According to the report, as of 22 November 2022 at 11:59pm UTC, the reporting date, Binance’s bitcoin asset balance (Binance’s bitcoins) was 582,486 bitcoins and its customer liability balance (customers’ bitcoins) was 597,602 bitcoins. Comparing these two figures, Binance’s bitcoin holdings are under-collateralized by 3% (or $245 million, per the bitcoin price on the reporting date) against its customers’ bitcoin assets.
However, if the ratio is taken as Binance’s bitcoin asset holdings against customer net liability balance (Binance’s preferred metric), which factors in bitcoin lent out as loans to customers and stands at 575,742 bitcoins, Binance is over-collateralized by 1%, according to Binance spokeswoman Jessica Jung in a statement to the Wall Street Journal. This means that Binance can fulfill all customer withdrawals.
The report has been met with much doubt and criticism by experts in the crypto space. To start with, the credibility of the South African firm Mazars, which claims to employ over 42,000 accounting professionals in 90 countries, has been called into question.
According to a July report by the Financial Reporting Council, “[Mazars has] been growing too fast, picking up higher risk audits being dropped by their peers, without adequate controls to ensure high quality audits.”
The firm has been a favorite among crypto exchanges looking to paint a picture of solvency and transparency to customers following the collapse of FTX. Crypto.com and KuCoin have both engaged the firm to produce their own proof of reserves reports.
“Mazars’ report only shows a part of Binance’s assets and liabilities…more information is needed to get a sense of the whole picture of the exchange’s solvency,” he said.
Regulators have also raised concerns about the report. Former Securities and Exchanges Commission (SEC) internet enforcement chief, John Reed Stark tweeted, “Binance’s ‘proof of reserve’ report doesn’t address effectiveness of internal financial controls, doesn’t express an opinion or assurance conclusion and doesn’t vouch for the numbers. I worked at SEC Enforcement for 18+ yrs. This is how I define ‘red flag’.”
Perhaps most telling is the disclaimers that the Mazars scattered across the report. Firstly, it states that the report was conducted using an Agreed-Upon Procedure (APU).
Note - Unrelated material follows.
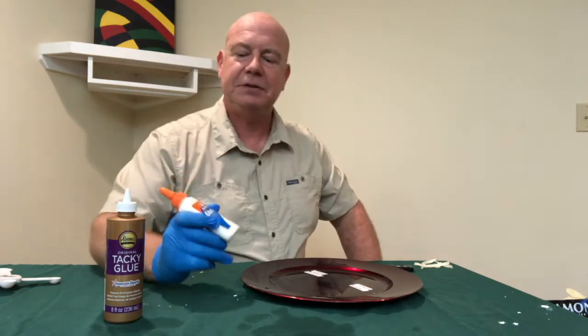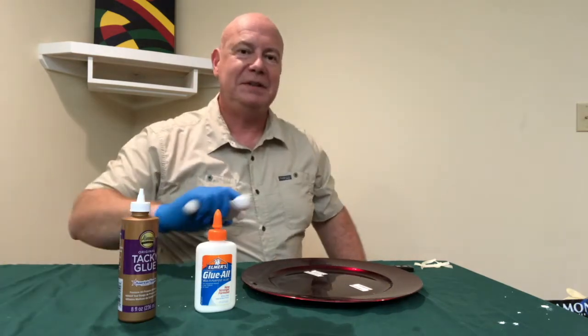One of the things we can do here to try to understand the difference between Elmer's glue and Aileen's Original Tacky Glue is a somewhat unscientific test. Let's pour a teaspoon of each onto a plate and see how viscous they are.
The procedure involved Mazars “performing the procedures that have been agreed with Binance, and reporting the findings…”. However, Mazars claims that it made “no representation regarding the appropriateness of the AUP.”
The second disclaimer Mazars made with regards to the report is that the AUP engagement was not an assurance engagement and hence the firm does not express an opinion or an assurance conclusion.
“Had we performed additional procedures, other matters might have come to our attention that would have been reported,” the firm adds.
Since the collapse of the crypto exchange FTX in early November following reports pointing to potential leverage and solvency issues involving its trading firm Alameda Research, exchanges including Binance have been rushing to gain back the trust of crypto users in centralized crypto exchanges.
Recent reporting by Reuters also states that the US’ Department of Justice is considering pursuing legal action against Binance, with some of the charges being keeping weak anti-money laundering controls, processing over $10 billion in payments for criminals and companies seeking to evade U.S. sanctions, and plotting to evade regulators in the United States and elsewhere.